## WHAT THE EXERCISE ASKS:
Print every record below exactly as it stands.

Brief descriptive captions
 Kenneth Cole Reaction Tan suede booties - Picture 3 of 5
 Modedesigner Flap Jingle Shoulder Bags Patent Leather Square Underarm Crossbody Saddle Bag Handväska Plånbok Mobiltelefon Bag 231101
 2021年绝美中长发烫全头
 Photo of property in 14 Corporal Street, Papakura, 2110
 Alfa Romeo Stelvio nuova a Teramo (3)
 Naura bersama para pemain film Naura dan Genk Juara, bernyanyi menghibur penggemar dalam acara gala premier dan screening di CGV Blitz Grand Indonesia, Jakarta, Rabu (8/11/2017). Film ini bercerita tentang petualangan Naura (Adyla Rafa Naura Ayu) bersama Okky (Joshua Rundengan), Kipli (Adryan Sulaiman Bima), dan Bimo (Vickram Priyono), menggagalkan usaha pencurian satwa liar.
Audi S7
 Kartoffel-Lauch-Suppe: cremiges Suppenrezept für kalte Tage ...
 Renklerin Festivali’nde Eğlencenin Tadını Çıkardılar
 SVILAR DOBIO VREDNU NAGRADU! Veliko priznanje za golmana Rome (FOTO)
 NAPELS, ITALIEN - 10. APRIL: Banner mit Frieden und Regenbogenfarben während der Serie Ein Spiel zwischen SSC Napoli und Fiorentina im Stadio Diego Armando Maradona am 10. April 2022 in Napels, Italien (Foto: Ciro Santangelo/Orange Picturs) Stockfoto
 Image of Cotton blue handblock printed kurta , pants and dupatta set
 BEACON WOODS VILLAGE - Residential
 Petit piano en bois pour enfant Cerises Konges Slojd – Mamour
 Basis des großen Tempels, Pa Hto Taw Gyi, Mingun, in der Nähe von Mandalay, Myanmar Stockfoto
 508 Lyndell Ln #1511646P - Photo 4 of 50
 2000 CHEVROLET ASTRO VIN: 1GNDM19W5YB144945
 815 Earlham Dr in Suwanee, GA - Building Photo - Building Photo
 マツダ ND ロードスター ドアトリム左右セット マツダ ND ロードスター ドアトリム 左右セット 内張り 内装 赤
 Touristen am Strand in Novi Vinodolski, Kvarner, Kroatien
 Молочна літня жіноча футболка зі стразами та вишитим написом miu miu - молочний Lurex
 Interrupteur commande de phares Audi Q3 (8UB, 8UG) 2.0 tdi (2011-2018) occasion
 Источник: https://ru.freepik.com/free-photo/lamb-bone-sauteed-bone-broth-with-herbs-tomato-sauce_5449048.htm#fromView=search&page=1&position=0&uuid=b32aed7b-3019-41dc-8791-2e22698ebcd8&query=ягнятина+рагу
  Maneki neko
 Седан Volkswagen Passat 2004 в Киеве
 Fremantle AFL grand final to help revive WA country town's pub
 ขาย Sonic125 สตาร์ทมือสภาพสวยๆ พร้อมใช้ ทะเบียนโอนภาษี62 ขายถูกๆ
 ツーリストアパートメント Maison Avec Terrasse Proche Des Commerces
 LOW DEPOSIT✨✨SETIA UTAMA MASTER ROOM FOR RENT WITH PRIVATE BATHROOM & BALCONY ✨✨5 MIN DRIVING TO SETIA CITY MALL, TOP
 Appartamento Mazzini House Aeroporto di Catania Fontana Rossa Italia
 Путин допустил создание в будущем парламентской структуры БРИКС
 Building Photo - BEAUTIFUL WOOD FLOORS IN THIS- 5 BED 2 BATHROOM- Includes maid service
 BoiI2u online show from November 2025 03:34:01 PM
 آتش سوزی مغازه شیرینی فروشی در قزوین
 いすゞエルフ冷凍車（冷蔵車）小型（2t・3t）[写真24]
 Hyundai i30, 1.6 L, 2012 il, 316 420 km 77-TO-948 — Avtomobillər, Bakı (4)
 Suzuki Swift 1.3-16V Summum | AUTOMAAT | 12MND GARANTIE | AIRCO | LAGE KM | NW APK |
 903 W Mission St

## FINISHED EXERCISE:
 Kenneth Cole Reaction Tan suede booties - Picture 3 of 5
 Modedesigner Flap Jingle Shoulder Bags Patent Leather Square Underarm Crossbody Saddle Bag Handväska Plånbok Mobiltelefon Bag 231101
 2021年绝美中长发烫全头
 Photo of property in 14 Corporal Street, Papakura, 2110
 Alfa Romeo Stelvio nuova a Teramo (3)
 Naura bersama para pemain film Naura dan Genk Juara, bernyanyi menghibur penggemar dalam acara gala premier dan screening di CGV Blitz Grand Indonesia, Jakarta, Rabu (8/11/2017). Film ini bercerita tentang petualangan Naura (Adyla Rafa Naura Ayu) bersama Okky (Joshua Rundengan), Kipli (Adryan Sulaiman Bima), dan Bimo (Vickram Priyono), menggagalkan usaha pencurian satwa liar.
Audi S7
 Kartoffel-Lauch-Suppe: cremiges Suppenrezept für kalte Tage ...
 Renklerin Festivali’nde Eğlencenin Tadını Çıkardılar
 SVILAR DOBIO VREDNU NAGRADU! Veliko priznanje za golmana Rome (FOTO)
 NAPELS, ITALIEN - 10. APRIL: Banner mit Frieden und Regenbogenfarben während der Serie Ein Spiel zwischen SSC Napoli und Fiorentina im Stadio Diego Armando Maradona am 10. April 2022 in Napels, Italien (Foto: Ciro Santangelo/Orange Picturs) Stockfoto
 Image of Cotton blue handblock printed kurta , pants and dupatta set
 BEACON WOODS VILLAGE - Residential
 Petit piano en bois pour enfant Cerises Konges Slojd – Mamour
 Basis des großen Tempels, Pa Hto Taw Gyi, Mingun, in der Nähe von Mandalay, Myanmar Stockfoto
 508 Lyndell Ln #1511646P - Photo 4 of 50
 2000 CHEVROLET ASTRO VIN: 1GNDM19W5YB144945
 815 Earlham Dr in Suwanee, GA - Building Photo - Building Photo
 マツダ ND ロードスター ドアトリム左右セット マツダ ND ロードスター ドアトリム 左右セット 内張り 内装 赤
 Touristen am Strand in Novi Vinodolski, Kvarner, Kroatien
 Молочна літня жіноча футболка зі стразами та вишитим написом miu miu - молочний Lurex
 Interrupteur commande de phares Audi Q3 (8UB, 8UG) 2.0 tdi (2011-2018) occasion
 Источник: https://ru.freepik.com/free-photo/lamb-bone-sauteed-bone-broth-with-herbs-tomato-sauce_5449048.htm#fromView=search&page=1&position=0&uuid=b32aed7b-3019-41dc-8791-2e22698ebcd8&query=ягнятина+рагу
  Maneki neko
 Седан Volkswagen Passat 2004 в Киеве
 Fremantle AFL grand final to help revive WA country town's pub
 ขาย Sonic125 สตาร์ทมือสภาพสวยๆ พร้อมใช้ ทะเบียนโอนภาษี62 ขายถูกๆ
 ツーリストアパートメント Maison Avec Terrasse Proche Des Commerces
 LOW DEPOSIT✨✨SETIA UTAMA MASTER ROOM FOR RENT WITH PRIVATE BATHROOM & BALCONY ✨✨5 MIN DRIVING TO SETIA CITY MALL, TOP
 Appartamento Mazzini House Aeroporto di Catania Fontana Rossa Italia
 Путин допустил создание в будущем парламентской структуры БРИКС
 Building Photo - BEAUTIFUL WOOD FLOORS IN THIS- 5 BED 2 BATHROOM- Includes maid service
 BoiI2u online show from November 2025 03:34:01 PM
 آتش سوزی مغازه شیرینی فروشی در قزوین
 いすゞエルフ冷凍車（冷蔵車）小型（2t・3t）[写真24]
 Hyundai i30, 1.6 L, 2012 il, 316 420 km 77-TO-948 — Avtomobillər, Bakı (4)
 Suzuki Swift 1.3-16V Summum | AUTOMAAT | 12MND GARANTIE | AIRCO | LAGE KM | NW APK |
 903 W Mission St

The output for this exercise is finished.